SECURITIES AND EXCHANGE COMMISSION

[Release No. 34-61025; File No. SR-NYSEArca-2009-102]

Self-Regulatory Organizations; Notice of Filing and Immediate Effectiveness of Proposed Rule Change by NYSE Arca, Inc. Amending Rule 7.25

Pursuant to Section 19(b)(1)1 of the Securities Exchange Act of 1934 (the "Act")2 and Rule 19b-4 thereunder,3 notice is hereby given that, on November 6, 2009, NYSE Arca, Inc. ("NYSE Arca" or the "Exchange") filed with the Securities and Exchange Commission (the "Commission") the proposed rule change as described in Items I, II, and III below, which Items have been prepared by the self-regulatory organization. The Commission is publishing this notice to solicit comments on the proposed rule change from interested persons.
I. Self-Regulatory Organization's Statement of the Terms of Substance of the Proposed Rule Change

The Exchange proposes to amend Rule 7.25 to remove the requirement that for each security in which a Market Maker is registered as a Lead Market Maker, the Lead Market Maker also register as an Odd Lot Dealer in that security. The text of the proposed rule change is available at the Exchange, the Commission's Public Reference Room, andhttp://www.nyse.com.
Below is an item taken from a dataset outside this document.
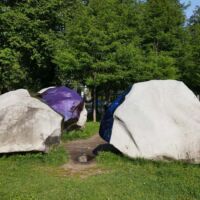 "Untitled" von Jim Hodges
II. Self-Regulatory Organization's Statement of the Purpose of, and Statutory Basis for, the Proposed Rule Change

In its filing with the Commission, the self-regulatory organization included statements concerning the purpose of, and basis for, the proposed rule change and discussed any comments it received on the proposed rule change. The text of those statements may be examined at the places specified in Item IV below. The Exchange has prepared summaries, set forth in sections A, B, and C below, of the most significant parts of such statements.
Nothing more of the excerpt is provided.